(Stored dataset items)

....................

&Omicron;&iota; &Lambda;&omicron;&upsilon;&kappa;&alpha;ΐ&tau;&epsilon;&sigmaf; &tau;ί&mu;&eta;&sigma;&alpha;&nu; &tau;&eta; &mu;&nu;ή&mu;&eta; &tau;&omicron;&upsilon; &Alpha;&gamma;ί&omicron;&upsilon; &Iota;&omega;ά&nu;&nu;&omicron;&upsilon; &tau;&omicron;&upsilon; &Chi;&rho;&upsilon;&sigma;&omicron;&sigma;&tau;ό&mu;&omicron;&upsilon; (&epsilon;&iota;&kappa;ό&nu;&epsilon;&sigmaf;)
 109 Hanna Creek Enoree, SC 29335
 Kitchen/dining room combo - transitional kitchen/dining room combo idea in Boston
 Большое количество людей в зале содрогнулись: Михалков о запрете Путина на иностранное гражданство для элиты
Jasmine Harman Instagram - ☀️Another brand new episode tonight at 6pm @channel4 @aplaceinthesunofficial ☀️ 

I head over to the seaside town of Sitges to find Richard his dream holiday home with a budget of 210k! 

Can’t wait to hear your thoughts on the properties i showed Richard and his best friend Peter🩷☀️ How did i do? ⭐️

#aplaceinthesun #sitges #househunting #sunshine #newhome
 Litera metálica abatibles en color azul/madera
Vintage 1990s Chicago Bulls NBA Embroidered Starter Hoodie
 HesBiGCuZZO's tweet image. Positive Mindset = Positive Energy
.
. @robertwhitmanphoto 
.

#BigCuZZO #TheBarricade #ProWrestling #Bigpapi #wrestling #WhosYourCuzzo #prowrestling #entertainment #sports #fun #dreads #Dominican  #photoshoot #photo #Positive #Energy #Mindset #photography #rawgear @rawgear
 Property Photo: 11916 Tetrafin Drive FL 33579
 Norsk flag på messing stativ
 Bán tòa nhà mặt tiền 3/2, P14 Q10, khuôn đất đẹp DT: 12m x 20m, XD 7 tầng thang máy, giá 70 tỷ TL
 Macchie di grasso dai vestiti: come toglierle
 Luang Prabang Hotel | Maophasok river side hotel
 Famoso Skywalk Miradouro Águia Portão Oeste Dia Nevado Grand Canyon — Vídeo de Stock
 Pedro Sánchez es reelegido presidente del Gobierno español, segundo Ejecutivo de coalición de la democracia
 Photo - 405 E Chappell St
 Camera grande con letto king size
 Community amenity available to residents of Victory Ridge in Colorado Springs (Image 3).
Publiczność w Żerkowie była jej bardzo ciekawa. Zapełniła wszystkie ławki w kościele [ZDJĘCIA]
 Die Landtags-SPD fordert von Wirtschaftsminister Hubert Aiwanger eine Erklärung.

....................

» **EXERCISE AIM**
Output nothing but the lines from the one with "Luang Prabang Hotel" through the last line above, each exactly as it stands.

» **SOLUTION TO THE EXERCISE**
 Luang Prabang Hotel | Maophasok river side hotel
 Famoso Skywalk Miradouro Águia Portão Oeste Dia Nevado Grand Canyon — Vídeo de Stock
 Pedro Sánchez es reelegido presidente del Gobierno español, segundo Ejecutivo de coalición de la democracia
 Photo - 405 E Chappell St
 Camera grande con letto king size
 Community amenity available to residents of Victory Ridge in Colorado Springs (Image 3).
Publiczność w Żerkowie była jej bardzo ciekawa. Zapełniła wszystkie ławki w kościele [ZDJĘCIA]
 Die Landtags-SPD fordert von Wirtschaftsminister Hubert Aiwanger eine Erklärung.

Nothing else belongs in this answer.